THE PROBLEM:
Only the lines from the one containing "Halloween Mat For" through the final line below belong in the output, copied exactly and without pictures.
---------------
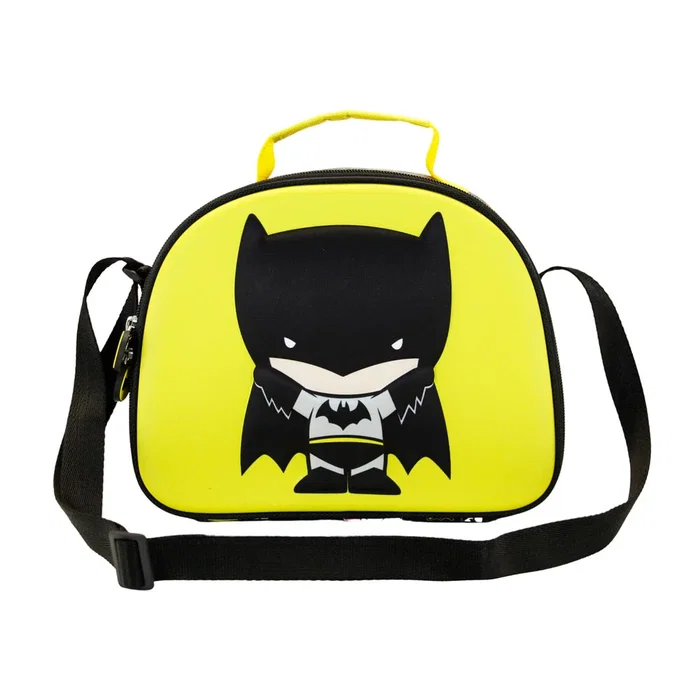 DC Comics Batman Bolsa Portamerienda 3D Chibi Isotérmico Infantil Amarillo 5L 26x20cm DC Comics Batman Bolsa Portamerienda 3D Chibi Isotérmico Infantil Amarillo 5L 26x20cm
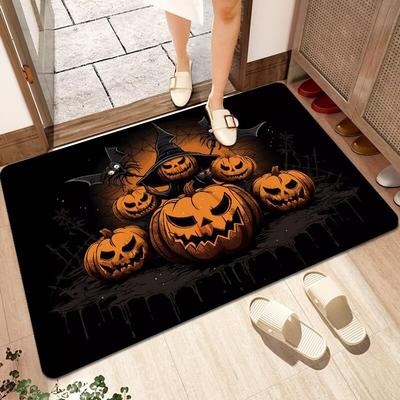 Halloween Mat For The Entrance Door Crystal Velvet Halloween Carpet For The Bathroom Mat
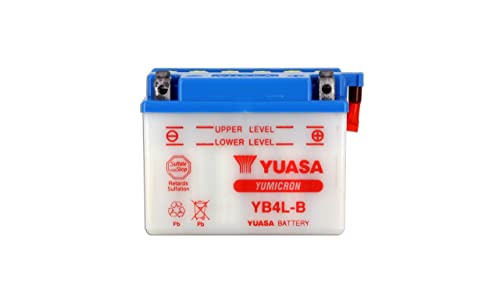 Batería Yuasa Yb4l-b con mantenimiento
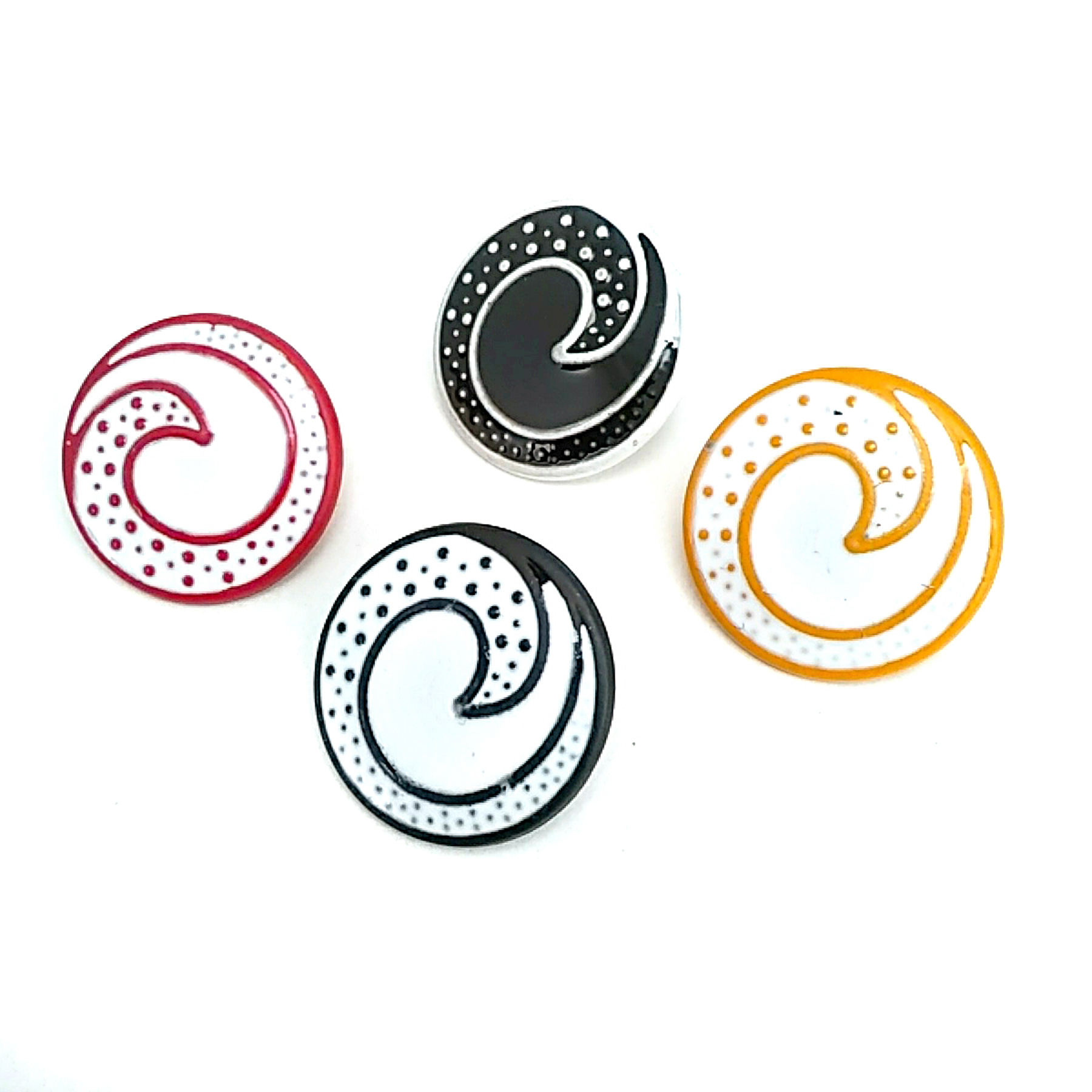 Shank Button Kids Clothing Button Wave Pattern 22 mm - 34 L E 1679 MN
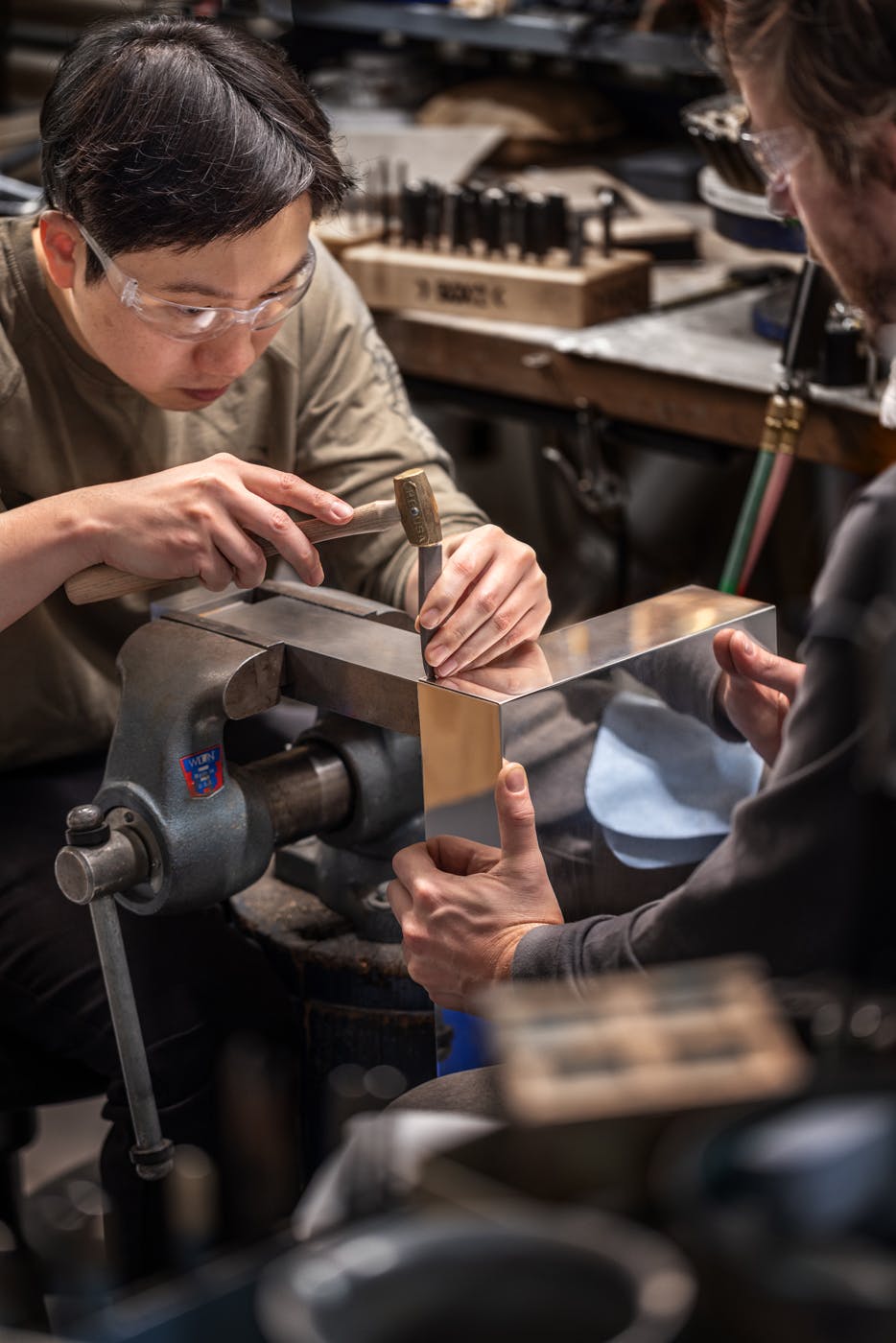 Tiffany & Co and Nike Unveil a 23-Pound Sterling-Silver Shoebox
---------------
ANSWER:
 Halloween Mat For The Entrance Door Crystal Velvet Halloween Carpet For The Bathroom Mat
 Batería Yuasa Yb4l-b con mantenimiento
 Shank Button Kids Clothing Button Wave Pattern 22 mm - 34 L E 1679 MN
 Tiffany & Co and Nike Unveil a 23-Pound Sterling-Silver Shoebox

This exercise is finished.